Items listed in a dataset:
# # # # #
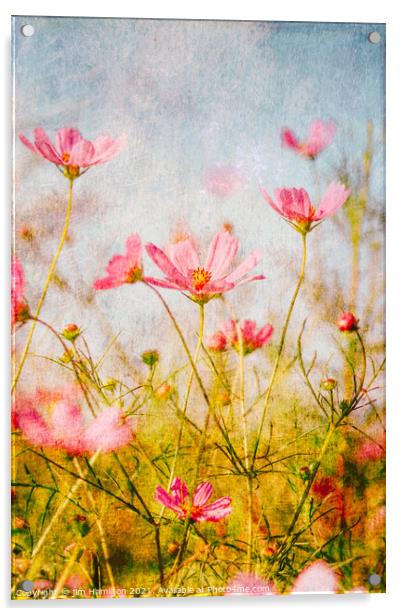 Wildflowers in the meadow Acrylic by jim Hamilton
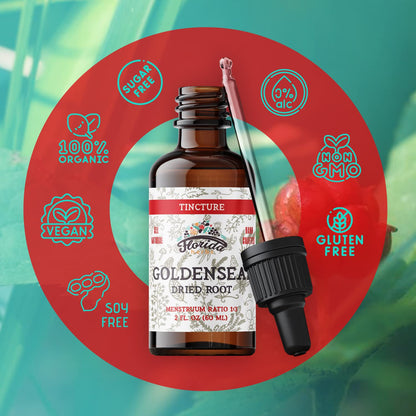 Goldenseal Tincture 2 oz – Organic Herbal Extract | Alcohol Free | Vegan Drops – Made in USA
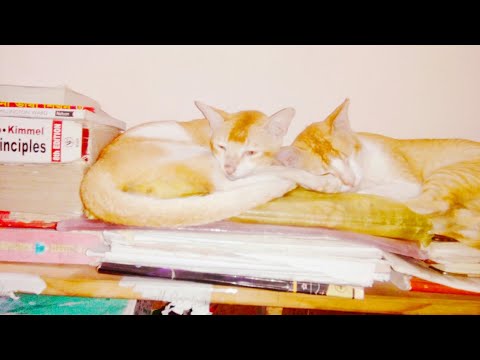 #Stubborn and cute moment with cats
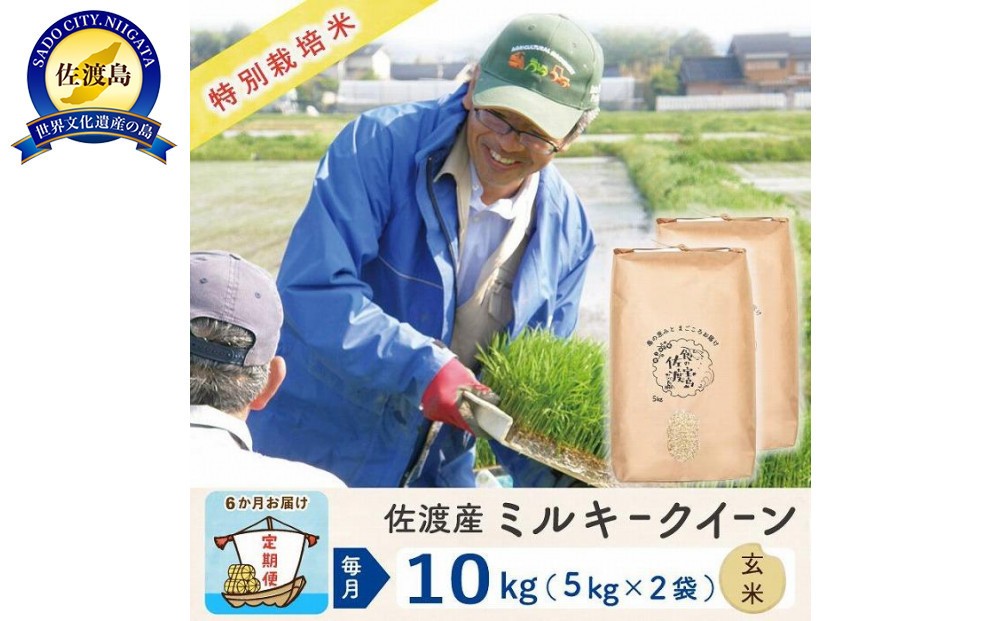 
            【新米予約 6か月定期便】佐渡島産ミルキークイーン 玄米10Kg 令和7年 特別栽培米
          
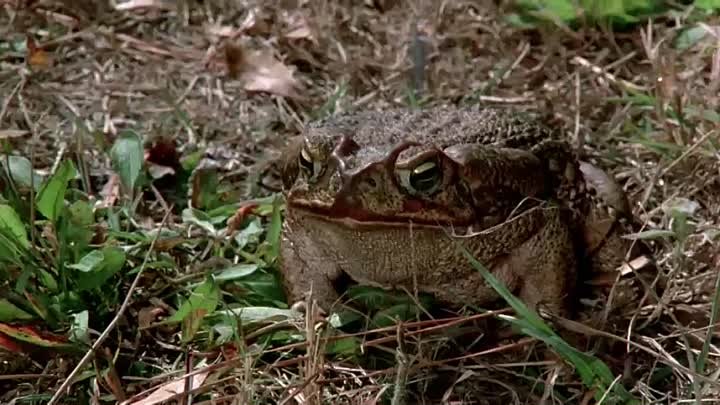 Frogs (1972)  Ray Milland, Sam Elliott, Joan Van Ark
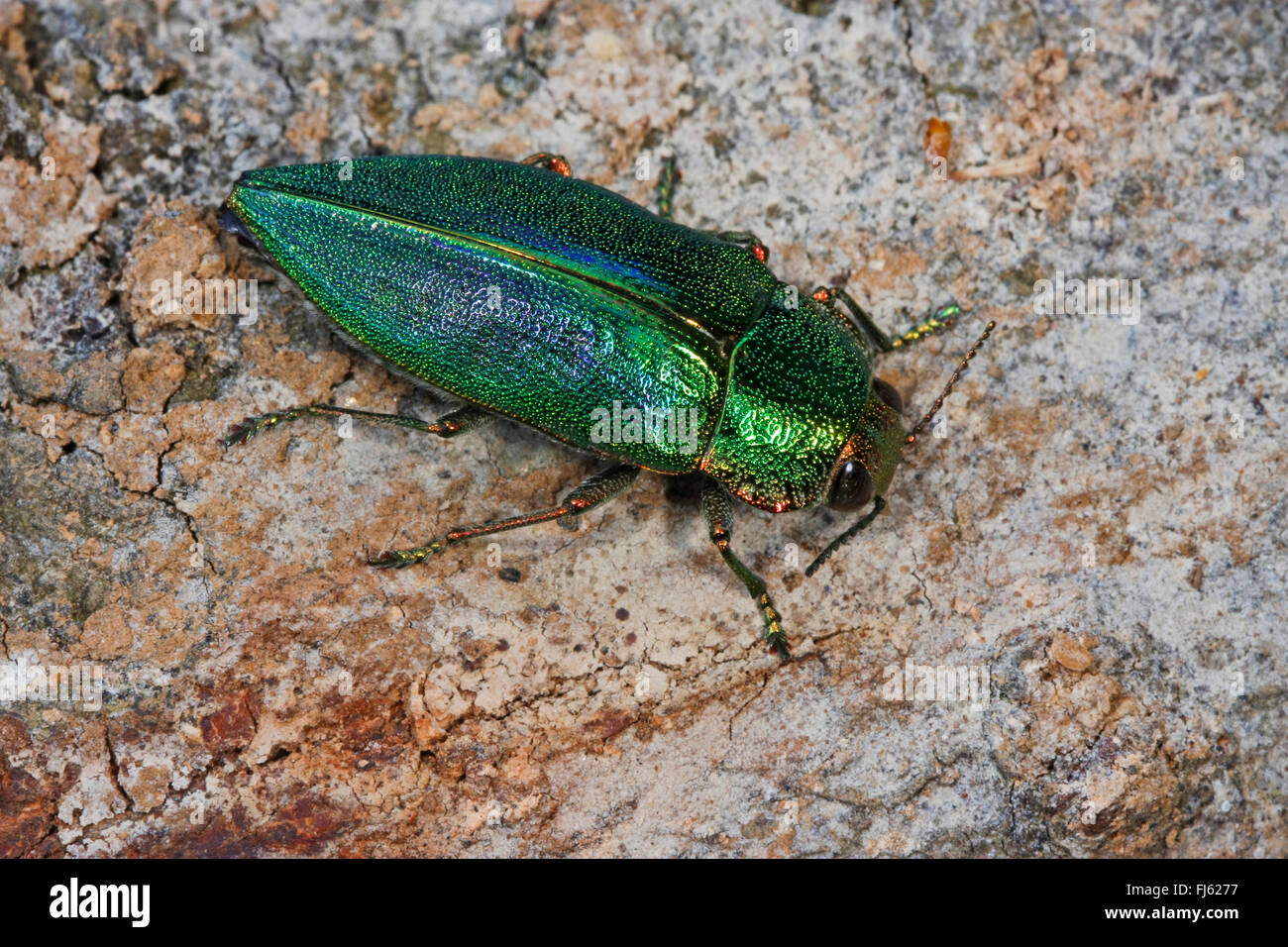 Buprestid (Latipalpis Plana), auf Rinde Stockfoto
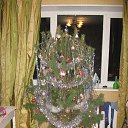 ���� Orags, ������, 40 ��� - ��������� 7 ��� 2017
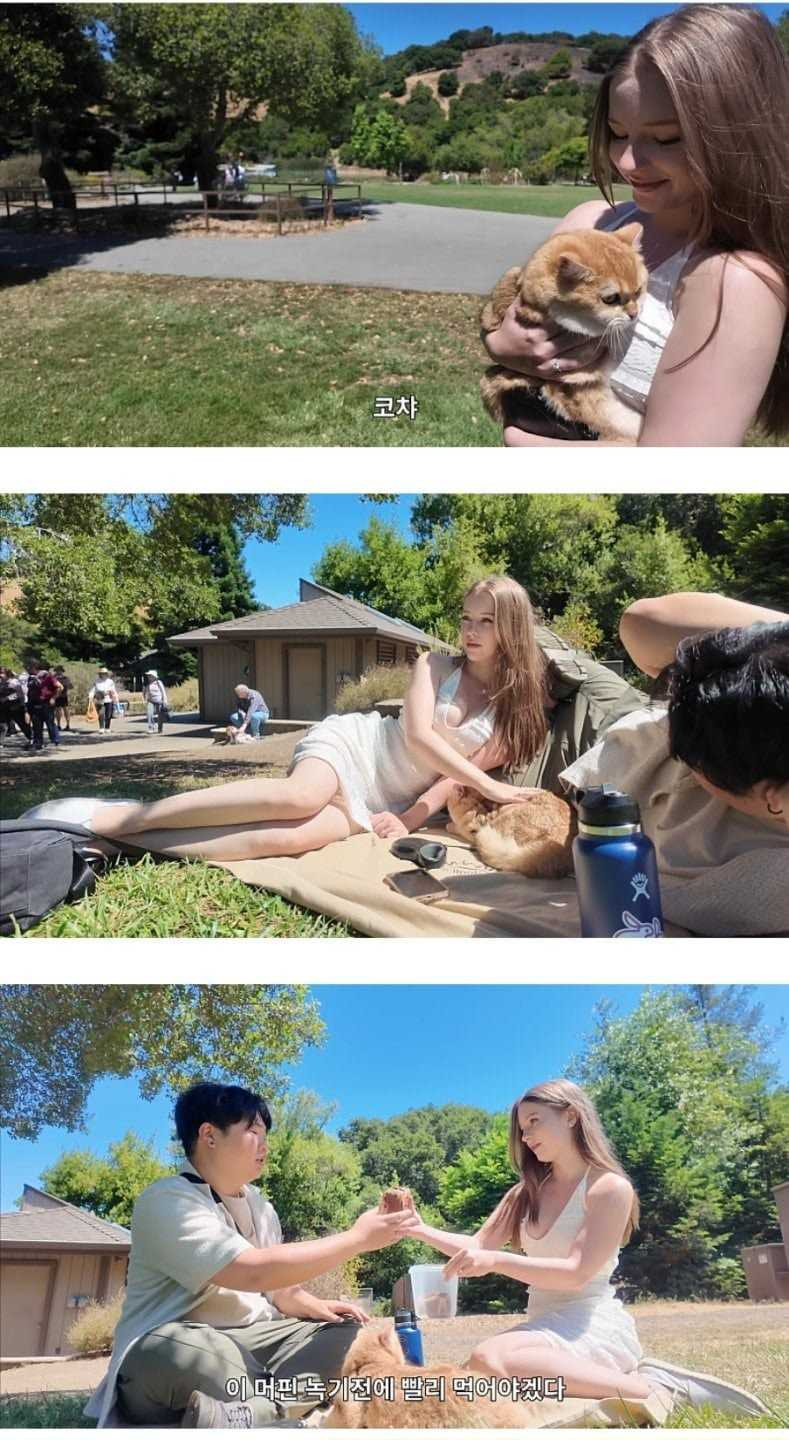 17565616191339.jpg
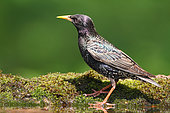 Common Starling (Sturnus vulgaris) adult female at the pond coming to drink in spring, June, Finistère, France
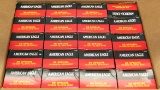 case lot of 20 boxes, 50 rounds per box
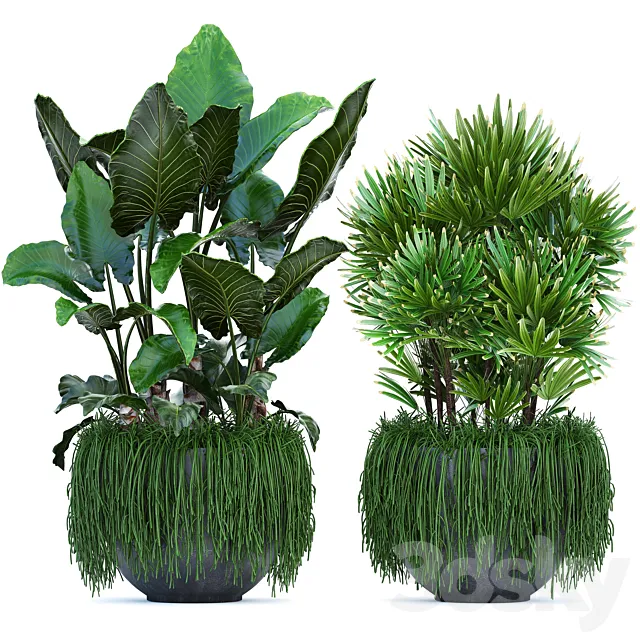 Plant collection 254. Tropical flowerbed rapis palm alocasia succulents hanging plants bushes thickets exotic Raphis palm 3D Model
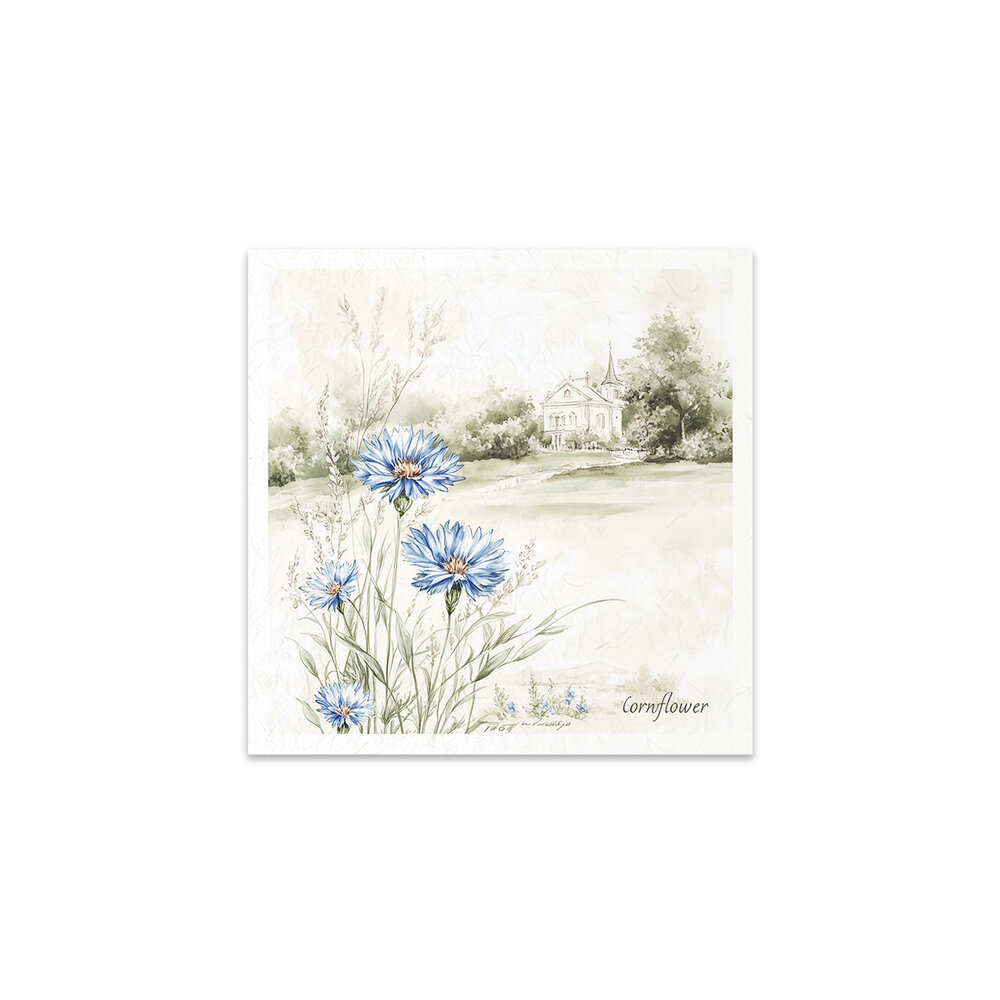 ITD Collection 6x6 Inch Rice Paper Set (RSM 175) ITD Collection 6x6 Inch Rice Paper Set (RSM 175)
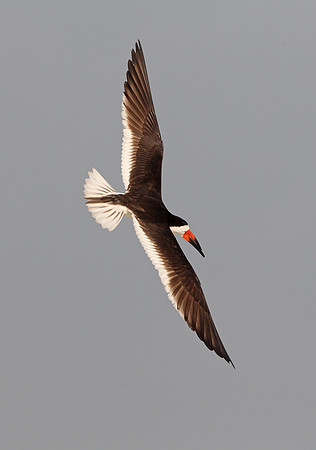 Black Skimmer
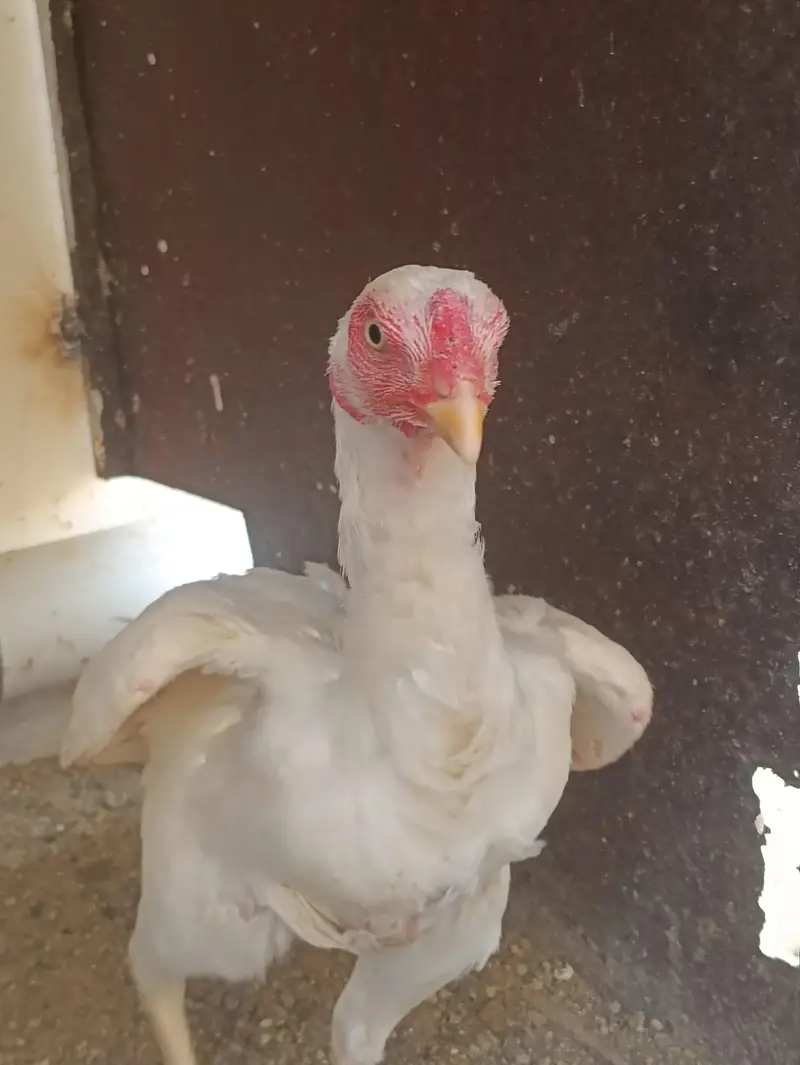 PURE QANDHARI BLOODLINE CHICKS AND FEMALE FOR SALE — photo 8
# # # # #
EXERCISE DETAILS: What is needed is an exact output of the records above, with every picture left out.

RESPONSE BELOW:
 Wildflowers in the meadow Acrylic by jim Hamilton
 Goldenseal Tincture 2 oz – Organic Herbal Extract | Alcohol Free | Vegan Drops – Made in USA
 #Stubborn and cute moment with cats
            【新米予約 6か月定期便】佐渡島産ミルキークイーン 玄米10Kg 令和7年 特別栽培米
          
 Frogs (1972)  Ray Milland, Sam Elliott, Joan Van Ark
 Buprestid (Latipalpis Plana), auf Rinde Stockfoto
 ���� Orags, ������, 40 ��� - ��������� 7 ��� 2017
 17565616191339.jpg
 Common Starling (Sturnus vulgaris) adult female at the pond coming to drink in spring, June, Finistère, France
 case lot of 20 boxes, 50 rounds per box
 Plant collection 254. Tropical flowerbed rapis palm alocasia succulents hanging plants bushes thickets exotic Raphis palm 3D Model
 ITD Collection 6x6 Inch Rice Paper Set (RSM 175) ITD Collection 6x6 Inch Rice Paper Set (RSM 175)
 Black Skimmer
 PURE QANDHARI BLOODLINE CHICKS AND FEMALE FOR SALE — photo 8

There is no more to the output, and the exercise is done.